The RTI Act was passed in 2005 to give effect to the people’s fundamental right to know what the government is doing in their name and how it is spending their tax funds. OSA came into existence in 1923, primarily to punish spies – both local and foreign. The British Raj effectively turned it into a closet to lock up various kinds of information from public scrutiny because it believed the natives could not be trusted. Unfortunately, this trend continues even after independence and the brunt is often borne by fearless journalists and whistle-blowers who expose corruption and wrongdoing in government.
The latest arena of battle is the highest court of the land. Certain reputable citizens and advocates are seeking review of the clean chit the Supreme Court gave in December to the government’s decision to buy 36 Rafale fighter aircraft from Dassault Aviation SA.
The bone of contention is a set of official papers relating to the decision-making process which the court did not have an opportunity to examine earlier. The Attorney General of India initially labelled these papers “stolen” when he found them annexed to the review petition filed in the apex court. Earlier, these documents were splashed across cyberspace by multiple media houses. The petitioners are arguing that such information cannot be kept secret in the age of RTI, while the government is claiming breach of privilege citing provisions from the 147-year-old Indian Evidence Act. How the court will decide these claims and counter claims remains to be seen.
What are official secrets? What is the relevance of OSA in the age of RTI? Can the government claim any special privilege over certain kinds of official documents in the name of national security? Did the media, which put copies of the official documents in public domain, and the petitioners who used them to move the court commit any crime? These issues are being hotly debated. Let us examine these issues one by one.
“Official secrets” do not cover every piece of paper that a babu stamps “secret” or “confidential”. “Official secrets” are not defined anywhere in the OSA. Instead, certain kinds of information are mentioned in the context of offences which are punishable under this law, such as: secret official code or pass word, any sketch, plan, model, article or note or other document.

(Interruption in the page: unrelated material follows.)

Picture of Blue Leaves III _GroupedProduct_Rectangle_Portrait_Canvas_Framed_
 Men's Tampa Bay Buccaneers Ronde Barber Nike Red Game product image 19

If a person obtains, collects, records, publishes or communicated such information with the intention of making it directly or indirectly useful to an enemy or if such disclosure is likely to affect the sovereignty and integrity of India, the security of the State or friendly relations with foreign States, he or she may be sent to prison for three years.
If such actions relate to any work of naval, military or air force establishment or station, mine, minefield, factory, dockyard, camp, ship or aircraft or to the naval, military or air force affairs of government or in relation to any secret official code, the punishment may be up to 14 years. Any government official who communicates “official secrets” as explained above, without authorisation can also be prosecuted under this law in addition to anybody outside government who receives and publishes or communicates such information.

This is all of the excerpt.